I started to learn Chinese just a few weeks ago, and I'm quite interested in the advantages that OCR offer for Asian languages, specifically, the option to make progress in some of the canonical areas of a language -here, speaking and listening, via the study through romanized pinyin- postponing meanwhile others less significant to communicate, as writing and reading.
I've tried massively OCR software - Abby finereader, Acrobat, tesseract etc - and none either is trained, or seems to be trainable, to get right diacritics like ū or ǒ, so here we are.
Could anyone help me with this issue please?
Thank y'all in advance.
PS: I know this forum is about Japanese, but admittedly, comparing it to the RH one, the latter is simply derisory, so congratulations on such an impressive effort.
I have many resources just in hanzi, such as grammars not oriented to foreign learners and linguistic material - Asian approach- etc and, after studying a lot of Chinese Phonology, I would like to practice tone processes as I read it all aloud; in short, I try to develop a kind of optimizing theory applied to languages.
Thanks anyway!
comeauch
Member
From: Canada
Registered: 2011-11-04
Posts: 175
If you can get the text OCR'd in hanzi, the hanzi to pinyin conversion shouldn't be very difficult: Google Translate does a good job and includes diacritics... Just copy-paste the hanzi text and under it, the pinyin appears... For example, I copy-pasted something from China Daily: "正在中国访问的新西兰外交部长默里麦卡利于22日举行新闻发布会,对持续发酵的“毒奶粉”事件深表遗憾,称恒天然公司若让消费者失望,也就是让新西兰失望。" and it instantly "decodes" it as "Zhèngzài zhōngguó fǎngwèn de xīnxīlán wàijiāo bùzhǎng mò lǐ mài kǎ lìyú 22 rì jǔxíng xīnwén fābù huì, duì chíxù fāxiào de “dú nǎifěn” shìjiàn shēn biǎo yíhàn, chēng héng tiānrán gōngsī ruò ràng xiāofèi zhě shīwàng, yě jiùshì ràng xīnxīlán shīwàng."

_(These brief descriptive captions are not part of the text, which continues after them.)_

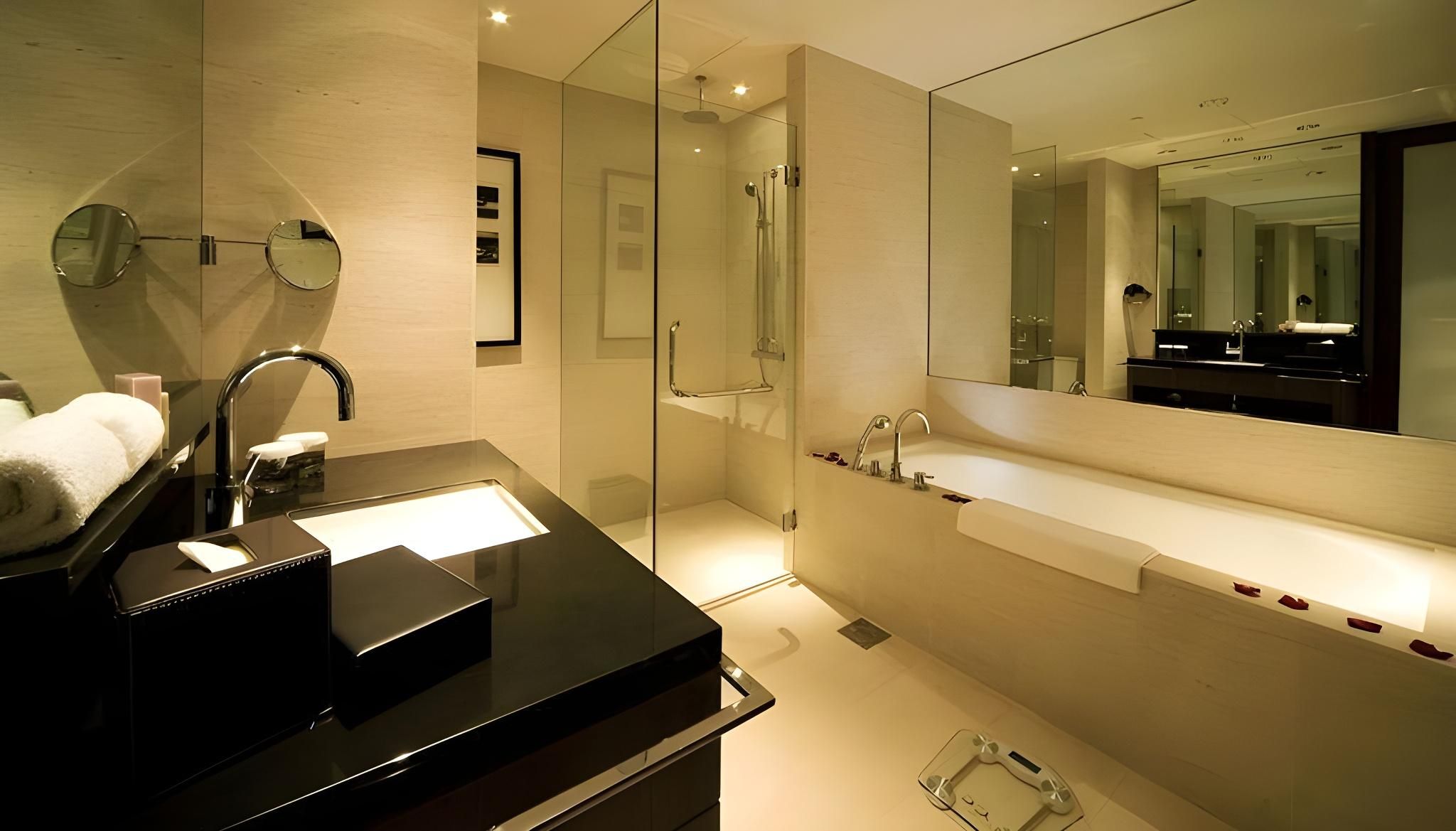 Amara Sanctuary Sentosa Deluxe Room 4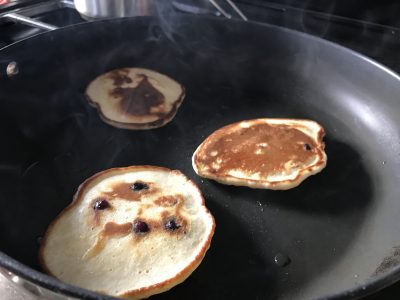 baby friendly blueberry pancakes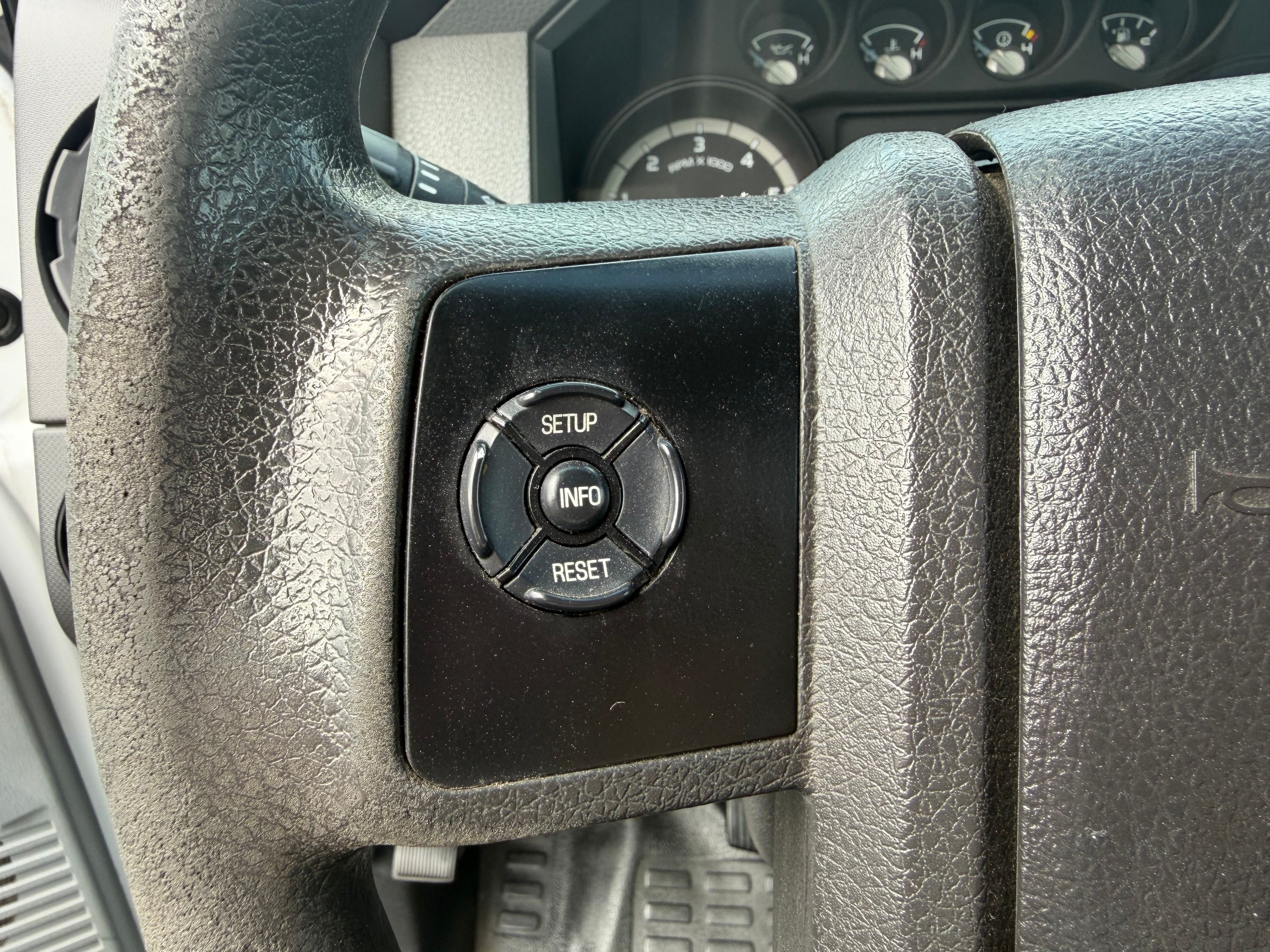 Used 2016 Ford F550 2WD Regular Cab Super Duty image 10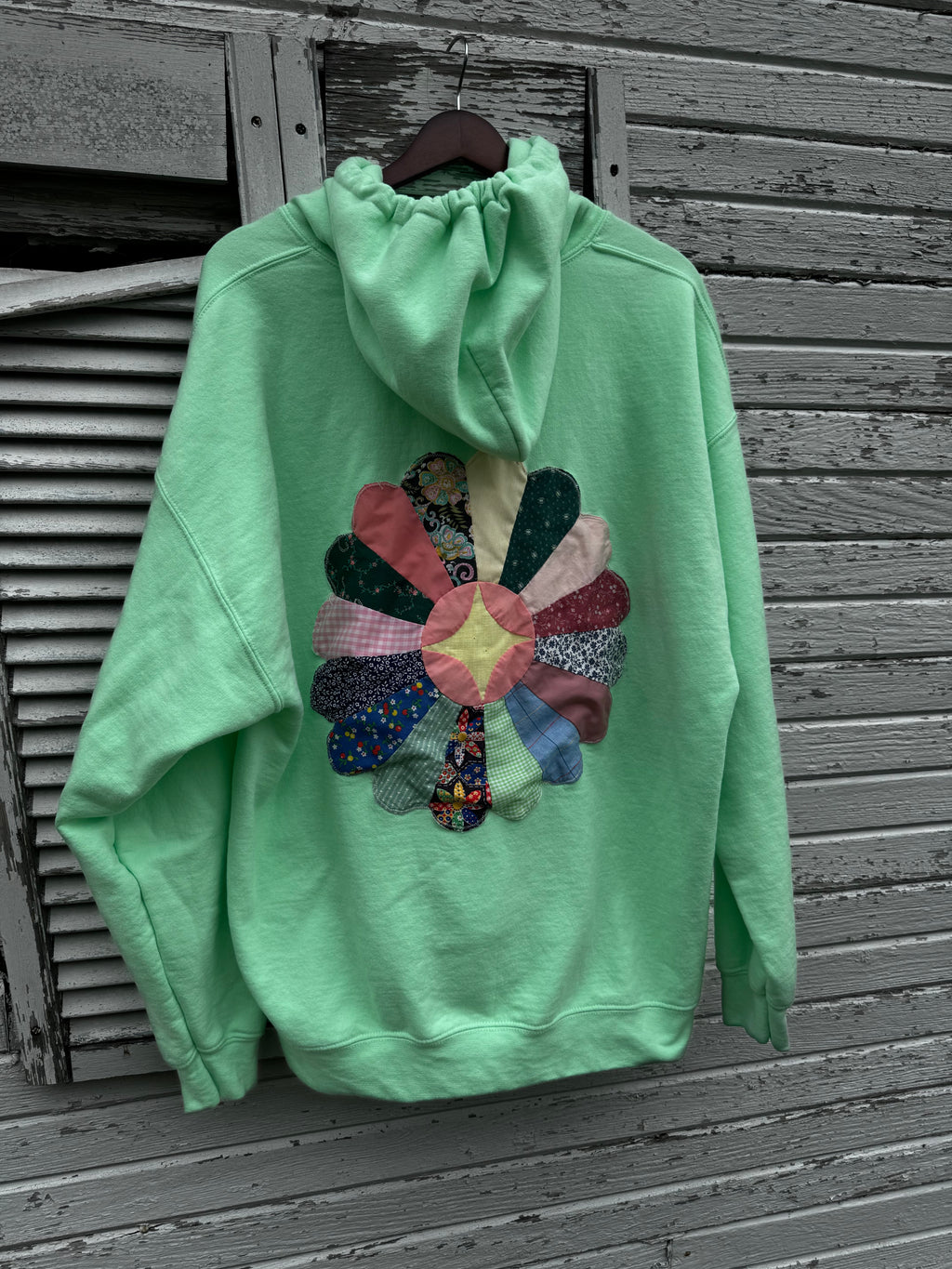 XL Mint Green Sweatshirt w/ Flower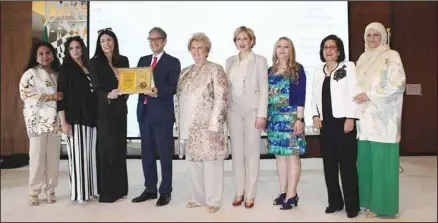  ?? ?? IWG honors H.E. Carlo Baldocci Ambassador of Italy to Kuwait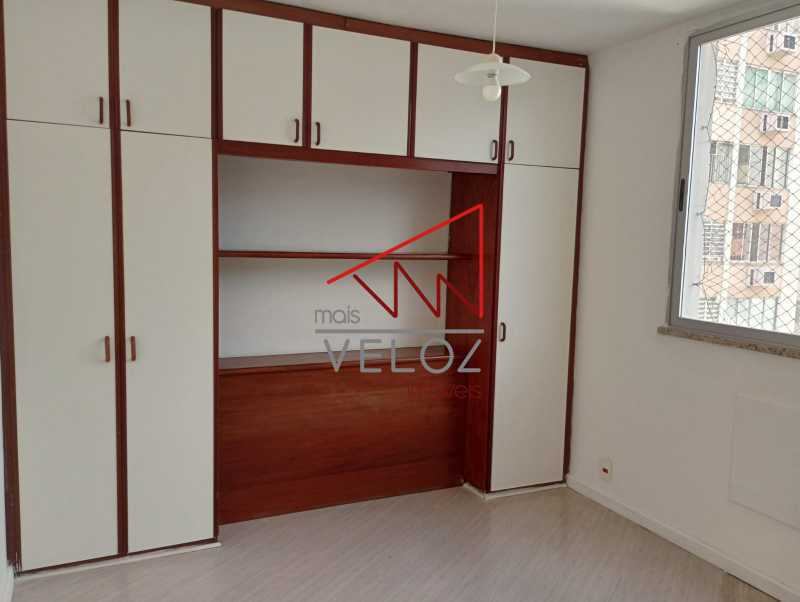 Apartamento à venda com 3 quartos, 85m² - Foto 7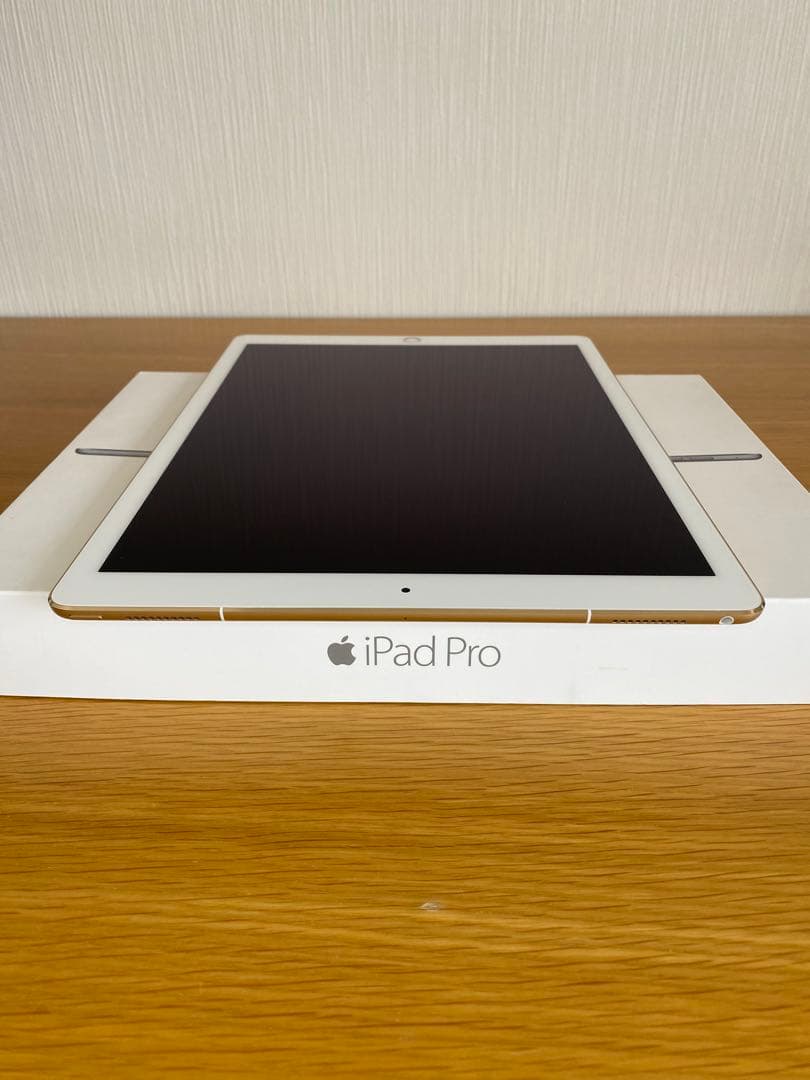 新品未使用 iPad Pro 12.9インチ 第2世代　ゴールド　iPad本体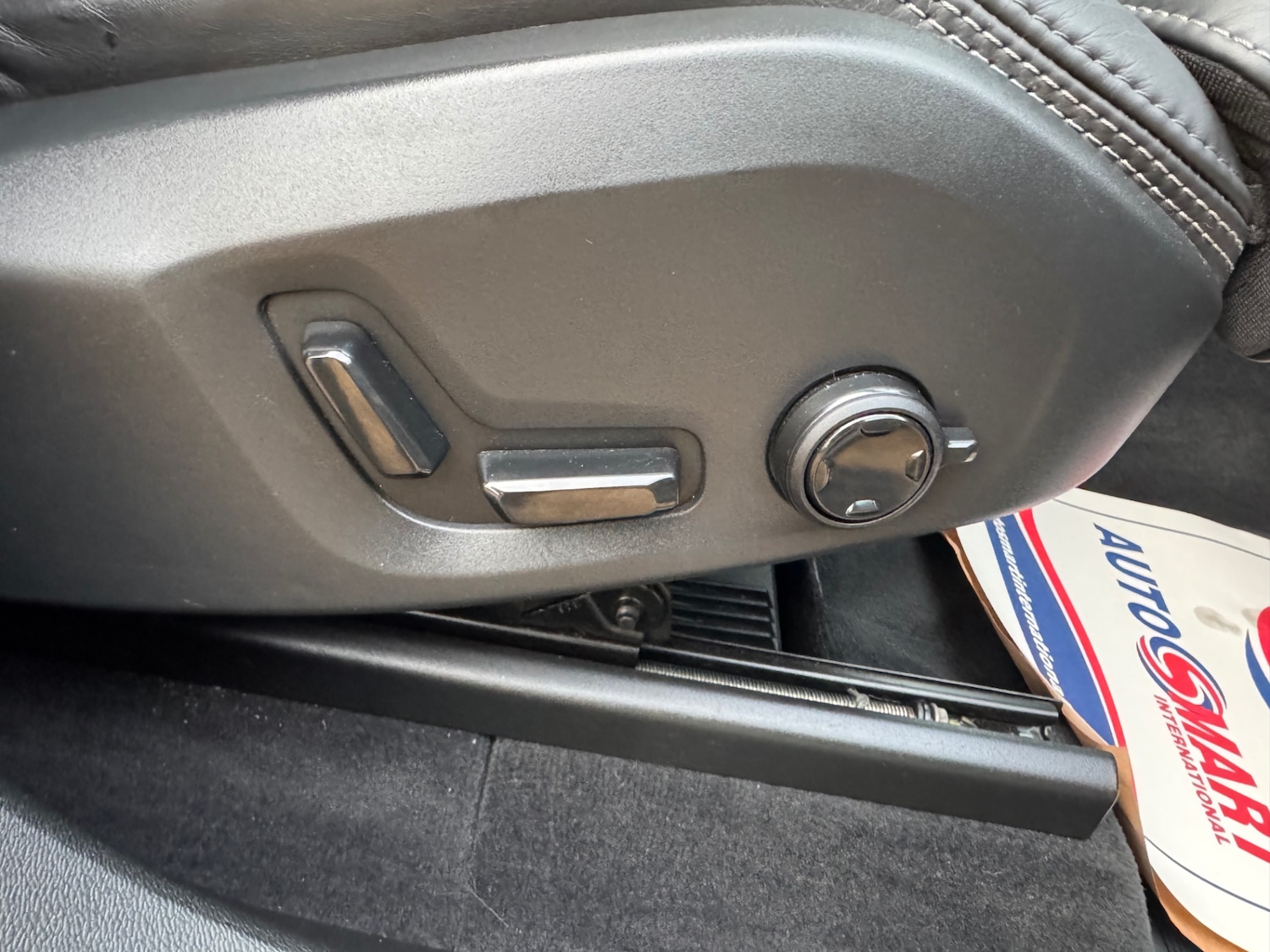 Used Volvo XC60 2018 for sale - 77198087: Photo 23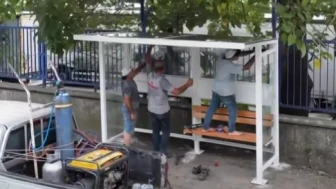 Hopa Belediyesi, vatandaşlar için modern durak yenileme çalışmalarını sürdürüyor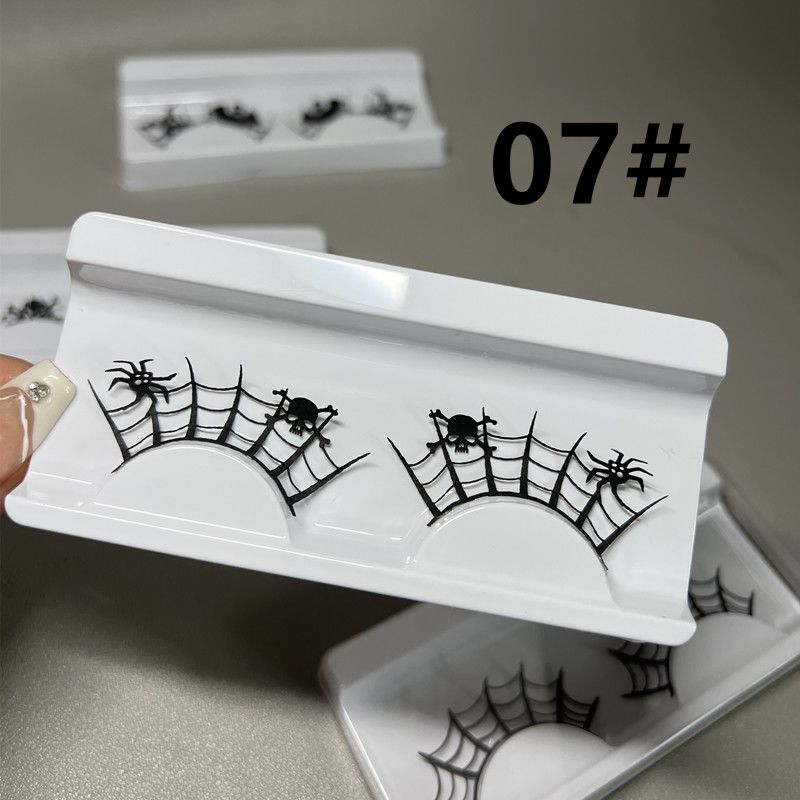 Cut Out Cobweb Lashes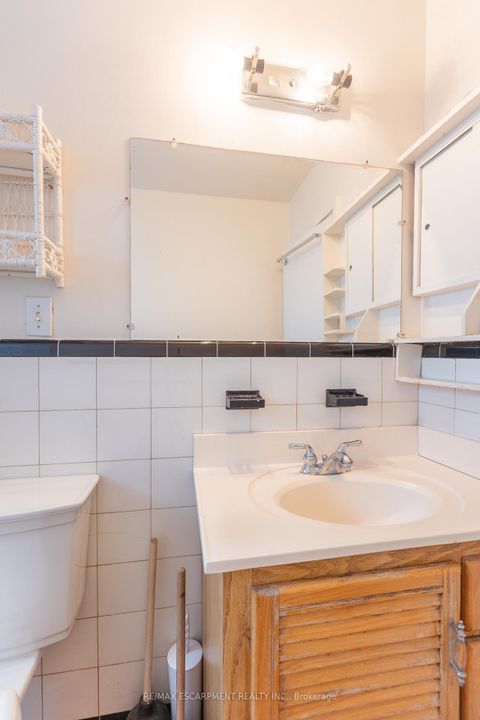 Photo 22 at 1 Snaresbrook Drive, Kipling, Toronto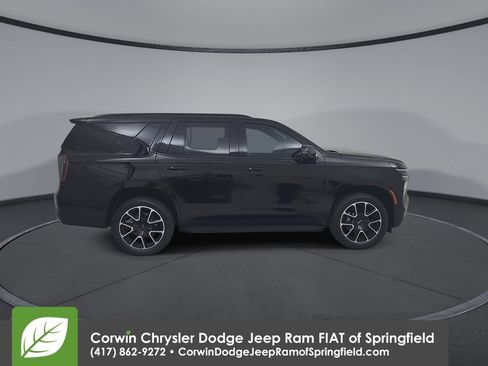 Used 2025 Chevrolet Tahoe RST w/ Comfort Package AWD/4WD image 17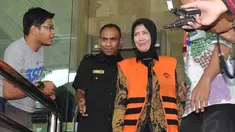 Istri Wali Kota Palembang Romi Herton, Masyitoh, diperiksa KPK selama 30 menit, Jakarta, Kamis (2/10/2014) (Liputan6.Com/Miftahul Hayat)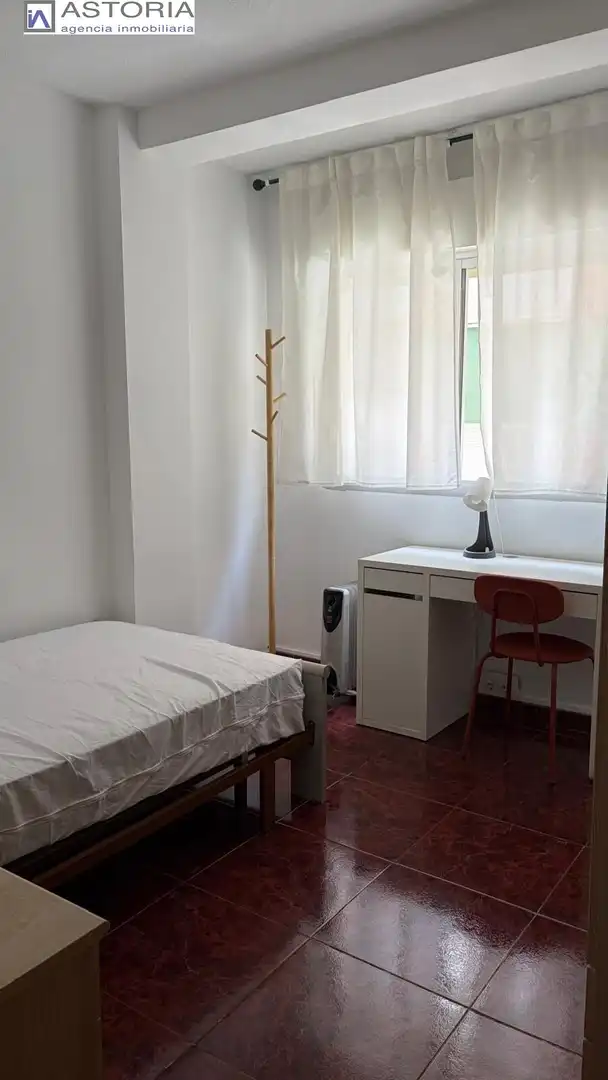 Piso de 100 m² en Granada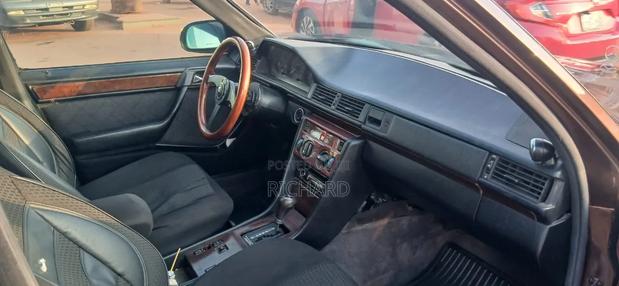 Mercedes-Benz W124 1995 Brown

Yeah, that's why I want to OCR'd the material I have, and do it in bulk, cuz those webs allowing a 5 mb max upload are useless in this case. There must be some software developed by somebody somewhere, and that's what I am trying to guess. I cannot understand why no commercial program in the world has already included such diacritics, not even Abby.
Thank you very much for your help anyway.